According to one large supplier, buyers from the supermarket group have indicated that they expect suppliers to take some of the pain. 'They are talking about ways of sharing the grief.' However, the supplier added that Sainsbury was being constructive in looking for cost-saving opportunities. 'They haven't been beating us up,' he said. 'At least, no more than normal.'

There is also speculation that Sainsbury may try to re- align its supplier base, reducing the number of manufacturers it uses for any one product category. However, there is no evidence of such culling so far.

City analysts last week were coming to terms with the extent of the price cuts. According to Tony MacNeary at NatWest Securities, the stock market has not fully appreciated how aggressive Sainsbury has been.

The cuts - ranging from 1.5 per cent to more than 30 per cent - cover 10 per cent of Sainsbury's sales. Sliced white bread is down 25 per cent to 29p, a 2-litre container of orange juice down 25 per cent to pounds 1.49, apples down 28 per cent to 25p per pound, cod fish-fingers down 32 per cent to 85p.

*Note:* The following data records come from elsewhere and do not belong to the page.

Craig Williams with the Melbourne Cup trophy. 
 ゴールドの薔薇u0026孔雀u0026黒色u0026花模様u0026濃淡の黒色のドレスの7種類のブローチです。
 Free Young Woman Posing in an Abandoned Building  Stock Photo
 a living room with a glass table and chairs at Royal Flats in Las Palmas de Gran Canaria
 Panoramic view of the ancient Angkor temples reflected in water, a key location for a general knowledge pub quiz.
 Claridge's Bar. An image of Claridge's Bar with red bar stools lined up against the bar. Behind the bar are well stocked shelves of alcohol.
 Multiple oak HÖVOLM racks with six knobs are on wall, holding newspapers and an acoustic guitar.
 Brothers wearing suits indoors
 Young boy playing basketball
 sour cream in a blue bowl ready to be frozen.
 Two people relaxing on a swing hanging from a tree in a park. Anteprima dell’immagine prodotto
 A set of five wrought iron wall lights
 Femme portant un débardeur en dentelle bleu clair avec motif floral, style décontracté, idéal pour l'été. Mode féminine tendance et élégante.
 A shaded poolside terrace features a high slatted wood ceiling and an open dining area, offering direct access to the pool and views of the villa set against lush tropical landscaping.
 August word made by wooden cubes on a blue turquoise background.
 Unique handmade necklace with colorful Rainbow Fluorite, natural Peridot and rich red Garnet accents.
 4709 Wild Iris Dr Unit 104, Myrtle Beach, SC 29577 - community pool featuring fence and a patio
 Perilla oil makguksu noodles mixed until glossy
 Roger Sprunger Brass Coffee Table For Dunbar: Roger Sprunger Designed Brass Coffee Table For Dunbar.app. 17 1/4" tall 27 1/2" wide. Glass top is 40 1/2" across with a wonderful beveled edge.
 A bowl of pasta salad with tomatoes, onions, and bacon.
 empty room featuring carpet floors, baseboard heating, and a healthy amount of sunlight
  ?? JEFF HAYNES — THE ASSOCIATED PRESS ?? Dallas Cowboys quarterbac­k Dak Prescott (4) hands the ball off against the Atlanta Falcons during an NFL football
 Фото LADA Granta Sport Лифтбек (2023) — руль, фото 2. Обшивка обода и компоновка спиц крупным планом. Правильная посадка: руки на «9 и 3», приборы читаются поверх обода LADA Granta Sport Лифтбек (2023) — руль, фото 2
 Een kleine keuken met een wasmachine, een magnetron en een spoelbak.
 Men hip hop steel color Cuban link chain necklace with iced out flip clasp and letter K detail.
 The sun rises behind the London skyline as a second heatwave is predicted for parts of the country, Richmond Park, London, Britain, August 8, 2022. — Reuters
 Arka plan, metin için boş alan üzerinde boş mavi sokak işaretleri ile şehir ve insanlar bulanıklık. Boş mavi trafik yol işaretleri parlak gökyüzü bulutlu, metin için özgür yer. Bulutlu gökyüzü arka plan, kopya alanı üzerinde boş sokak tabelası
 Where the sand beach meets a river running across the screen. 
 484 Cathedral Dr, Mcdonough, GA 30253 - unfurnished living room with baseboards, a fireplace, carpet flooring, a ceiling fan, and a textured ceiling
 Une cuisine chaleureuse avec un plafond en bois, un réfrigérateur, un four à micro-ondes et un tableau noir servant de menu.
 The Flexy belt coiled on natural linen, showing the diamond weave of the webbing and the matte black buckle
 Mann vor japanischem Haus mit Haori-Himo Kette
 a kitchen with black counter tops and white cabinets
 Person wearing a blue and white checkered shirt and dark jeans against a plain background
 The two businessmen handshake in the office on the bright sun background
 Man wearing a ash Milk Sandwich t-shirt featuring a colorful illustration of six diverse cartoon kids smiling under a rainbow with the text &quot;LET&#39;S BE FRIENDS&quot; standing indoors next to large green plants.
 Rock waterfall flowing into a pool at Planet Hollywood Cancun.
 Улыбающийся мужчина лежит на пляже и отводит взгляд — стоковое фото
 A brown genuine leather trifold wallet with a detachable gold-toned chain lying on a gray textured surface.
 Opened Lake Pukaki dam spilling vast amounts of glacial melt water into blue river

Mr MacNeary predicted that other food retailers would be forced to retaliate. 'It's inevitable that Safeway will do something. Their prices are probably a bit out of line with Sainsbury's now. I would have thought Kwik Save would do something too.'

Unlike Tesco, Asda and Gateway, which have all announced heavy price promotions this year, the Argyll- owned Safeway has not so far gone beyond its regular promotions. Kwik Save may be stung into action by Sainsbury's unflattering price comparisons last week.

Most of Britain's large food groups manufacture Sainsbury- label products, including Northern Foods, Unigate, Dairy Crest, Hillsdown and Hazlewood Foods. Their shares were badly hit last week, as were supermarket shares.

The food retailing sector has been the worst-performing this year, as fears grow that the hundreds of planned new superstores will never make a decent return.

Incursions by foreign discounters such as Aldi, Ed and Netto have added to investor jitters, as has the court victory last month of CostCo, the US warehouse club, which is planning to open a giant store in Thurrock, Essex.

Mr MacNeary has downgraded his profits forecast for Sainsbury in the current year from pounds 824m to pounds 800m and next year's from pounds 915m to pounds 850m.

He said the City had exacerbated the problem by not allowing weak supermarket groups to go to the wall over the last two years. 'The City rescued Asda. The City rescued Gateway. That (the resulting surplus capacity) is what has caused the problems.'

One senior supermarket group director said the price war fears were overdone. 'It's not a price war. But it is a more serious skirmish than we've seen for a little while.' He said there were still excellent opportunities for new superstores, though he would be looking more cautiously at locations where he was opening head-to- head with a main competitor.